Rolling Out

Demi’s Restaurant and Bar blends great food, live music, cool vibes in Detroit

Demi's Restaurant and Bar blends great food, live music, cool vibes in Detroit
Lamb chops with macaroni and cheese and greens (Photo credit: Jourdan Bender for Steed Media)

Demi’s Restaurant and Bar is like your favorite song on a Friday, or the last slice of grandma’s pie: it’s what you didn’t know you needed until you got it. With great food, live music and good people, Demi’s offers a unique transformative experience that greets you at the door.

When you couple owner Donald McCoy’s vision for a restaurant and bar, with executive chef Darnell Foster’s talent and expertise, you get a winning combination for Detroit.

Rolling out recently caught up with McCoy and Foster to talk everything Demi’s.

What distinguishes your restaurant from others?

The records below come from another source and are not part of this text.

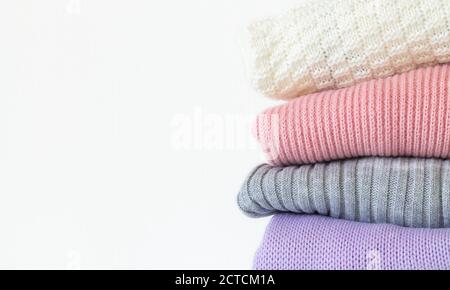 Stack of cozy knitted autumn or winter sweaters isolated on white background with copy space Stock Photo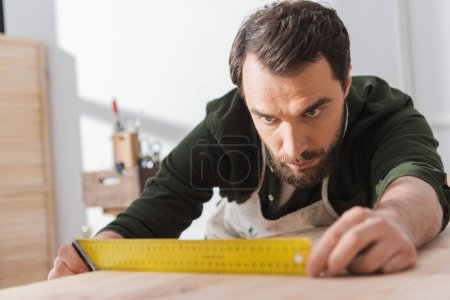 Foto de Focused carpenter looking at square tool on blurred wooden board - Imagen libre de derechos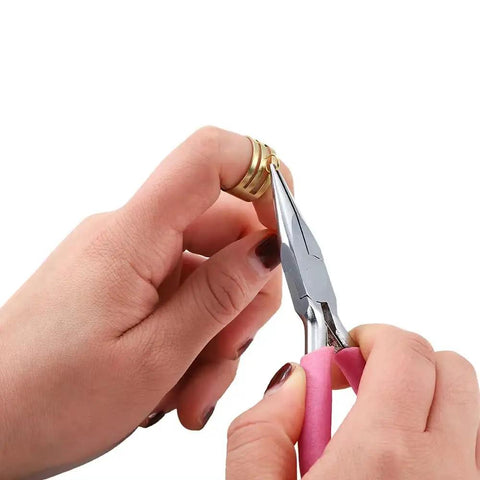 Hands using pliers on a gold-tone jump ring from Over 1050 Pcs Open Jump Rings Set In Gold Tone, 304 Stainless Steel, Six Size Range From 4mm To 10mm.
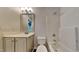 A well-lit bathroom with a vanity, mirror, toilet, and shower-tub combo at 2428 Diquedo Dr, Raleigh, NC 27604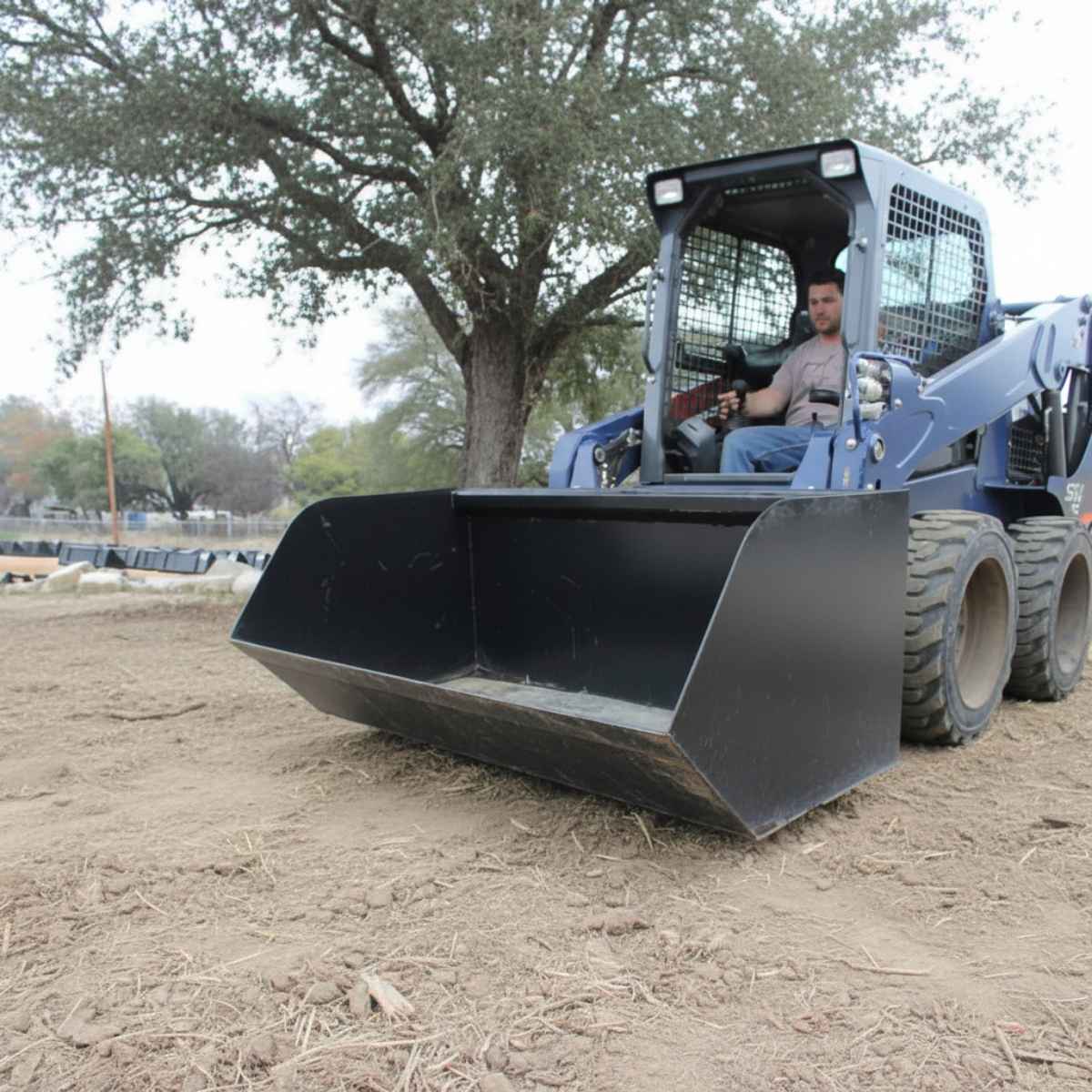 Skid steer loader with a loflin trash bucket on a construction site with a person inside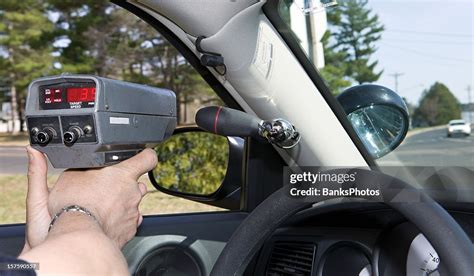 Police Officer Using A Handheld Radar Gun High-Res Stock Photo - Getty ...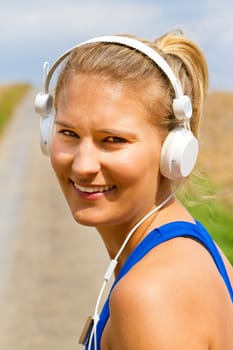 Young woman jogging with MP3 Player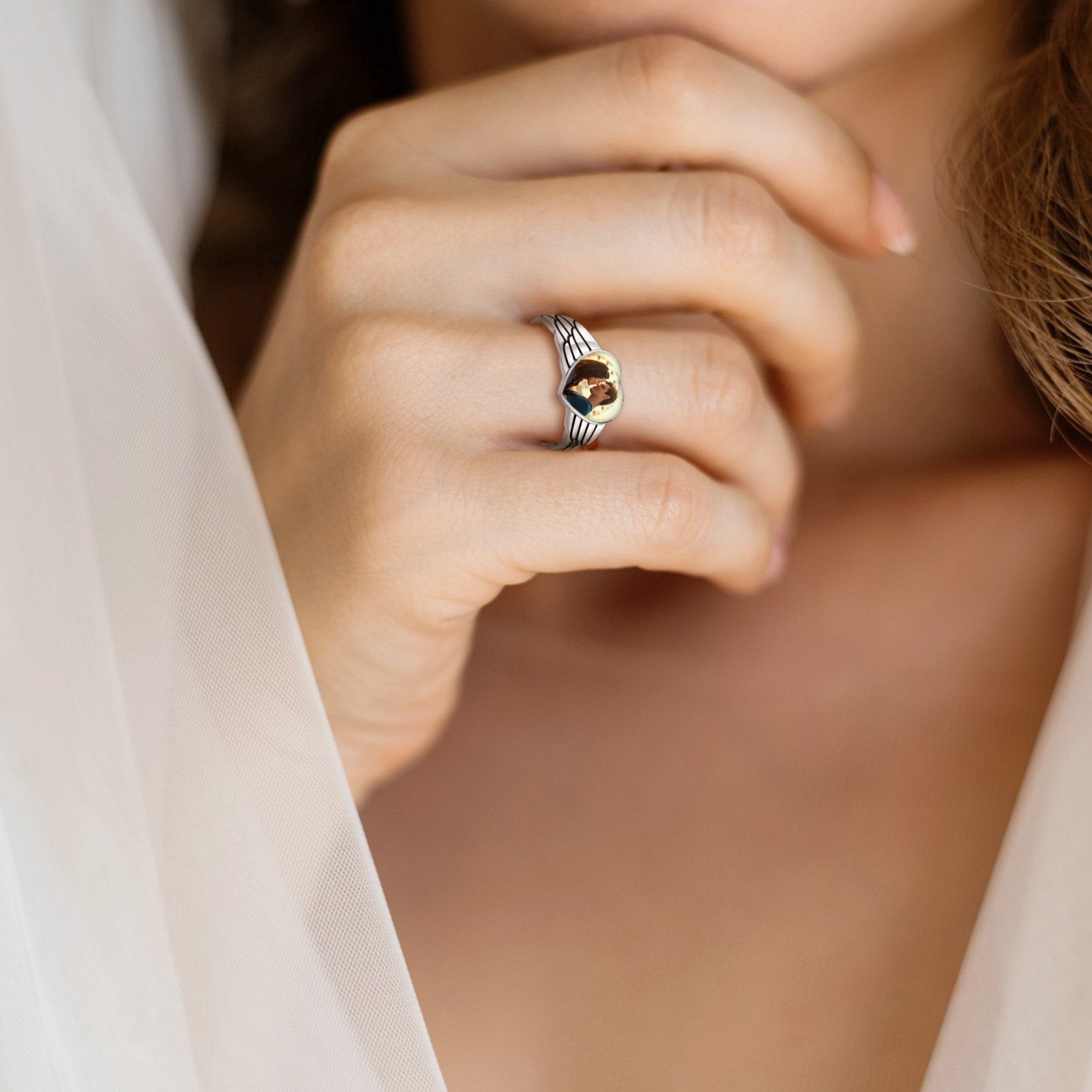 Close-up of a hand wearing a custom heart picture ring with a gemstone, blurred background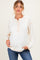 woman wearing a cream maternity top with a henley neckline and orange stitching, showing her baby bump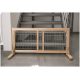 Porte pour animaux en bois avec des barres en métal, placée en bas d'un escalier, avec un design simple et une construction robuste.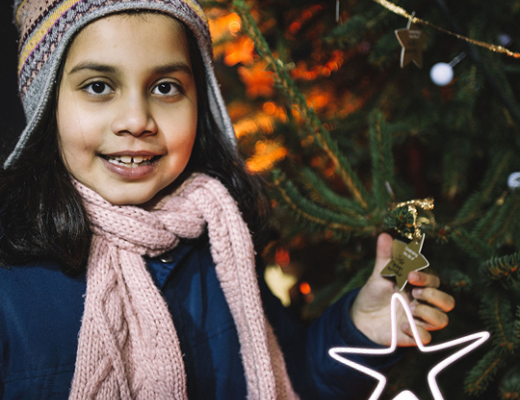 Image of young girl holding her Celebrate a Life star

Donald McCoy: It was important to have live music daily. It enhances our dining experience and distinguishes Demi’s from other restaurants and bars in Detroit. Food and music bring people together and create a space for connections. We have our own niche, and we have a nice location that’s easily accessible.

What type of entertainment does Demi’s offer?

DM: We do jazz and R&B karaoke, which is more like “American Idol” here. On Tuesdays, we have our keyboardist, Yata Fari. On Wednesdays and Thursdays, we have our R&B and neo-soul after work wind downs with DJ Don Cruse and DJ Lisa Sol. Fridays and Saturdays, we feature live music with Stanley Johnson and Roger Tucker and the ¾ Step Band. Also, every first Saturday we do comedy shows.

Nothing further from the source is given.